None of this is to say that ERISA preemption fails to raise federalism concerns or that the concerns addressed in Part II are unique to antitrust. In its decision to expressly preempt state law in ERISA, a wise Congress should have considered the difficulties of preemption via judge-made law. Part II’s concerns with preemption via judge-made law could be applied to any delegation to the judiciary that overrides the states’ will. But given the brevity of federal antitrust statutes and the relative lack of executive branch involvement, Congress should be even more wary if it decides to preempt state antitrust law.159
There is little doubt that Congress could decide to preempt state antitrust law. However, although the merits of avoiding a patchwork antitrust regime are compelling, Congress would trigger federalism pitfalls if it were to reform antitrust law by expressly preempting state antitrust law. A preempting Congress should weigh any benefits against the complications of federalism’s procedural and political safeguards and of the judiciary’s weak policymaking ability.

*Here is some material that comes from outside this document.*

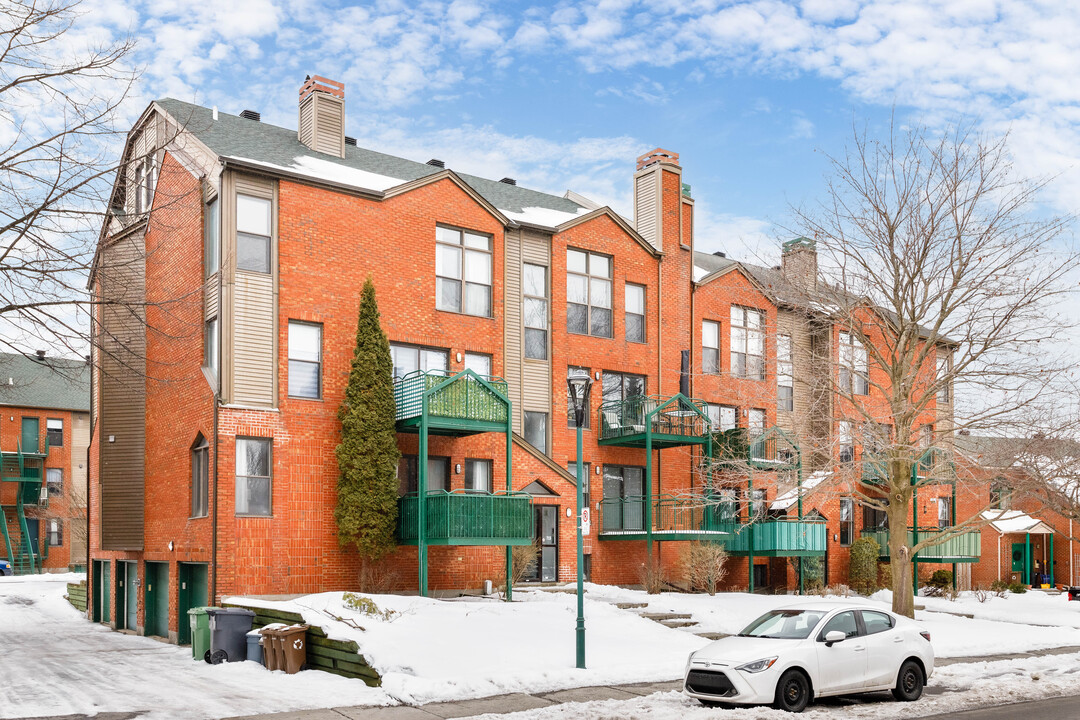 715-719 36E Av in Montréal, QC - Building Photo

Of course, there is reason to believe that if Congress were to expressly preempt state antitrust law, it would do so as part of a more major antitrust reform effort. Recently, federal antitrust policy has been the subject of critique. Fed up with the seeming omnipresence of corporate giants, some scholarly160 and journalistic161 discourse has turned on the federal government’s antitrust policies. As things stand, if Congress decides to preempt state antitrust law with current federal antitrust jurisprudence, it would have to decide that the pros of preemption mentioned in Part I outweigh the federalism cons of Part II. But if Congress were to reform antitrust law by creating a new, detailed antitrust regime for courts to interpret, preemption of state antitrust law could avoid the perils of preemption via judge-made law.